Another measure of the seriousness of this election, and of the potential trouble, is that alcohol is unavailable! Facing a possible shutdown tomorrow, we went to the packed little supermarket (surely the biggest in this tiny nation) today to stock up. And to our horror, all alcohol was prohibited, a theme apparently running throughout all bars, restaurants and shops today. We only have four Heinekens left and doubt we can last an evening and a day with this, though a saviour in some special expat club may just come to the rescue.

Tomorrow then is the election, and day of shutdown for expats. I imagine the fuss will die down quickly this week and things will continue in a more normal way. It doesn't look like the workload will be heavy for the next couple of weeks. One of two upcoming jobs here has already been cancelled, and so we've only got to sort out some kit on base and wait for a new visa to be processed. Heineken and other beers will become freely available again, and time will pass. Delays are inevitable and two weeks away for going offshore will likely be moved back and back. I'm not sure if this will help me or not. I volunteered to go away on this job, so soon after eight weeks in Brazil and on the back of a hell of a lot of time away on jobs (since July I've only had two months off) not out of enthusiasm but in the hope of making a friend's wedding on June 7th. I have 45 days on my current visa, which would take me to about June 15th. Therefore, I'm either hoping to go offshore as soon as possible and get it all over and done with, or for things to be delayed massively and get to go home at the end of May after a month kicking dust and drinking beers. Unfortunately, the current itinery doesn't favour either. But we'll see.
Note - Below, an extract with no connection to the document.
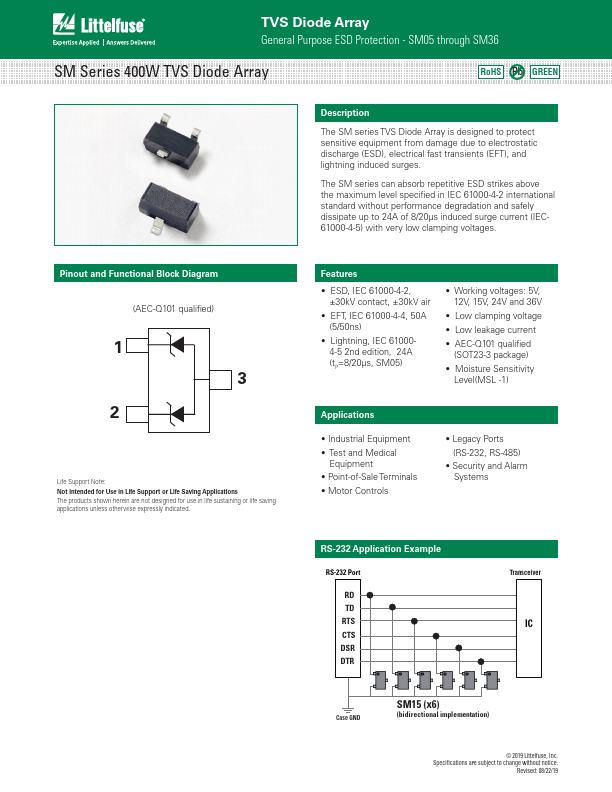 SM15-02HTG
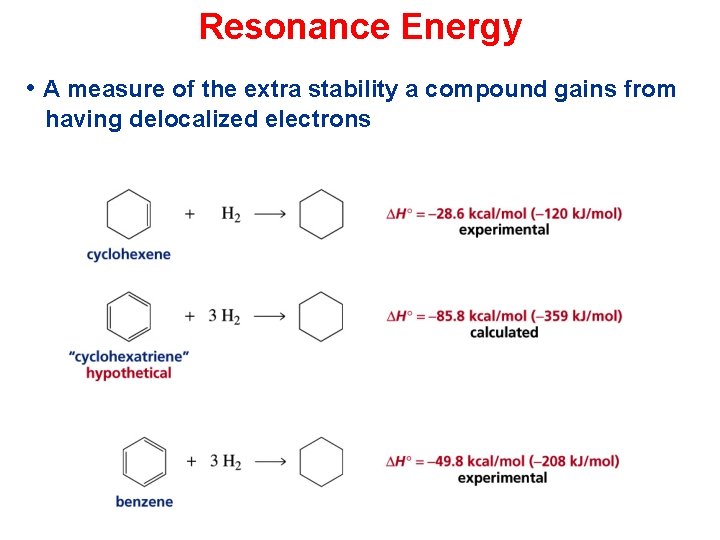 Resonance Energy • A measure of the extra stability a compound gains from having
My week and life prior to being cut short by this equatorial adventure was spent satisfyingly and productively. A Glasgow visit saw me catch up with loads of old faces and didn't see me too drunk, though there were some very late nights, and a fight. My days in Aberdeen afterwards saw me gain a flatmate/PA, almost break a giant mirror, fall in love with a bureau and feel the effects of the "credit crunch". I thought all this talk about global financial crisis was just hype, but getting a mortgage for the flat I've just bought is proving rather awkward. Hopefully by Monday I'll know if it's possible. I recall last year in this same country, my mortgage on a flat falling through, so let's hope for history not repeating.

Anyway, I believe it's dinner time. To be spent with a bunch of yelling, brash, vast, deep South Yankees. And this truly is the punishment deserved for being a bad boy in Brazil. But surely no crime can fit such a dire fate?

1 comment:

Simon Varwell said...

The lengths you'll go to avoid meeting up with me in Aberdeen on Monday night.